Apart from the fact that I never actually booked on this miserable airline, I look up their standard terms – and there it is in black and white (well, actually, blue and white) … “In line with other airlines we cannot accept claims for loss to items in checked baggage which are … of special value.” Or, to put it another way, BA reserves the right to decide what is of special value or not. Presumably if I had been carrying a suit worth, say, £200, they would have covered this. But because I chose to pack a hard drive worth a quarter of that value they won’t. Where is their logic?

So that I can deal quickly with your claim for other missing items, please send me the receipt, card slip, insurance valuation, quotation or any other document to support the value of your missing property at the address mentioned below. Please mark our Customer Relations reference number on the letter.

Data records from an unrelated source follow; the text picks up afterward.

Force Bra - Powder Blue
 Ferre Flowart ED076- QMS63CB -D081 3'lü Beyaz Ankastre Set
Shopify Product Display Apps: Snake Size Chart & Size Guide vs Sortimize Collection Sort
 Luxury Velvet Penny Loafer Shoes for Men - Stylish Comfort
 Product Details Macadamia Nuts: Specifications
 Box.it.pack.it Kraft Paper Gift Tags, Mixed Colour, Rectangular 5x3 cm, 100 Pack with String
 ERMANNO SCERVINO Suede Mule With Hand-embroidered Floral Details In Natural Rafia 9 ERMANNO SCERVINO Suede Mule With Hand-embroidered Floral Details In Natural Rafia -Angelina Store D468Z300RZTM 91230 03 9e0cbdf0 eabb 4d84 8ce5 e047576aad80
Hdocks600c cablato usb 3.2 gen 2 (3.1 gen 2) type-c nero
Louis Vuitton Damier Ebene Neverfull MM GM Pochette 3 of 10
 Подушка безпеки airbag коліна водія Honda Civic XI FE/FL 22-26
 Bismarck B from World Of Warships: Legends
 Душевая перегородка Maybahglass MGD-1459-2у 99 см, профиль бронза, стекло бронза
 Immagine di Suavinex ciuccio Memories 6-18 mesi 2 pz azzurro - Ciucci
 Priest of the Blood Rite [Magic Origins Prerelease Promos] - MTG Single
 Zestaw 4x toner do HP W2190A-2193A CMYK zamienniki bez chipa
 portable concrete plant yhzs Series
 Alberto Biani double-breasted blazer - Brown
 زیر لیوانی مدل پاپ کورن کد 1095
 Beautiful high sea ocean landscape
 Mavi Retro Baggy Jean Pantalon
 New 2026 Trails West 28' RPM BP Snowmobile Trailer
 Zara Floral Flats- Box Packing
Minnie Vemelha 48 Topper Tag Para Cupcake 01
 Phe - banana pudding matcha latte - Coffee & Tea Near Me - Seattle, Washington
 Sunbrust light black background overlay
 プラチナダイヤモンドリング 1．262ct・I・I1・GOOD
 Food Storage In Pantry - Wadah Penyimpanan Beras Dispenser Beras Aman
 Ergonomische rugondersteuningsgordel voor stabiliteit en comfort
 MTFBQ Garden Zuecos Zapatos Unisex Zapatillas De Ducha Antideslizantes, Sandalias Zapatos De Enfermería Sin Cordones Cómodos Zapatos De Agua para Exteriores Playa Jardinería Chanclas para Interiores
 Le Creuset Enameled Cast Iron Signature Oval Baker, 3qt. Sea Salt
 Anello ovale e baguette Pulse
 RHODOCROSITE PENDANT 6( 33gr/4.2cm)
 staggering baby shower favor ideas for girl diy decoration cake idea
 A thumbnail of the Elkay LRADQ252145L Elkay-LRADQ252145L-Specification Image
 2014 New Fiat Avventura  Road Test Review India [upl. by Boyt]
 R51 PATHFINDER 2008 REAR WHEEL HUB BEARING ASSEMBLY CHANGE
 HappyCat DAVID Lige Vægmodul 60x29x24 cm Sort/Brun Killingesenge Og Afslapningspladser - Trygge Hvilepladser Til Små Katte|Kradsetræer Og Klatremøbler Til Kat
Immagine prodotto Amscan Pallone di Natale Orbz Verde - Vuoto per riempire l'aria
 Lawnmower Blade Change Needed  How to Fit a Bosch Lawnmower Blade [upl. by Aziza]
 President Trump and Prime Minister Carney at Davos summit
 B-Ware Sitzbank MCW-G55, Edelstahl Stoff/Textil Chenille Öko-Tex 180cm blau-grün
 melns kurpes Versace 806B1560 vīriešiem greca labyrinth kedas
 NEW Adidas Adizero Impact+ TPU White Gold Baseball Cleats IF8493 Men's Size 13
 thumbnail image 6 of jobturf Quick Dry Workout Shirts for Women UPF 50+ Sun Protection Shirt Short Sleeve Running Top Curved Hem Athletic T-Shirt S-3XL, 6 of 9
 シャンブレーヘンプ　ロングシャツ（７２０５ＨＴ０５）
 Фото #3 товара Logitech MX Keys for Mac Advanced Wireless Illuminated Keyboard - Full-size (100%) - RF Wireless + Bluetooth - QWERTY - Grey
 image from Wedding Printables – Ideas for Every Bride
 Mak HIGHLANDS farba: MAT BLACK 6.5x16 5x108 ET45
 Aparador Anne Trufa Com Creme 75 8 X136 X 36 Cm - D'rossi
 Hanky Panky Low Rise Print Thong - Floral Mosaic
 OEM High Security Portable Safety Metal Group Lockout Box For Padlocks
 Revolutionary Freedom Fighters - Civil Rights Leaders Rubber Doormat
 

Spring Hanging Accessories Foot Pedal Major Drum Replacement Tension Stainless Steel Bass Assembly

Oh FGS another weasel scam. How many people do you know who keep all their receipts of clothes etc bought? I reply once more:

“Frankly I am disgusted by the way British Airways not only obviates itself from any responsibility for losing baggage, but also from then also making up its own rules for compensating its passengers so as to avoid paying proper compensation! Unsurprisingly I have no receipts for the items that were in my luggage. How many of your passengers after all keep all their receipts for items bought?”

But this cuts no ice with British Airways. According to them, it is surely our beholden duty to receipt everything we ever put into our luggage, otherwise…

In settling your claim we have taken into account the depreciation of your missing items. As you do not have any receipts, we have deducted 50% from the cost of the items listed.
Thank you again for contacting us and for giving me an opportunity to look at your case again. Your feedback is invaluable, without which we would not be able to address such issues. I hope our decision will not deter you from flying with us in the future.
Best regards, Faisal Shaikh, British Airways Customer Relations

Amazing! Does BA really think I will ever set foot in one of their miserable planes ever again? Am I alone? Am I a voice in the wilderness? It appears not, if a deluge of comments lifted from the web are anything to go by…

Next time I need to travel business I will probably be asking my client specifically not to book me on a BA flight.
• You will not receive any responses from BA until you start sending them 20 emails/day. I will certainly not fly BA ever again in my lifetime!
• I have to submit an essay to do with the evaluation of British Airways and their customer care policies; something that has been extremely fun to do as i get to point out all the things they do wrong! You are probably the millionth person to tell me of just how awful the airline really is
• I have never come across a company that was so useless at dealing with complaints, what is funny is they told me they were unable to reply as they currently had 95,000 complaints, well that’s not a surprise BA your crap and no wonder your staff go on strike.
• When a person in a service department engages a customer, the goal should be to solve the problem, not recite meaningless phrases. This was our first trip aboard British Air and will no doubt be our last.
• A cautionary tale and note of assistance to all those who have suffered the misfortune of travelling with British Airways and experiencing their unique brand of so-called Customer Service: BA are an unmitigated disgrace when it comes to customer service and they totally ruined our wedding and honeymoon travel.
• We will never travel BA Again we will spend our money on a different airline that cares for their passengers and are polite and friendly towards us .

I think, Mr Shaikh, my point has been made. And yes, I know I should be feeling sorry for you and the awful job you are having to do… but forgive me. The fact is I don’t!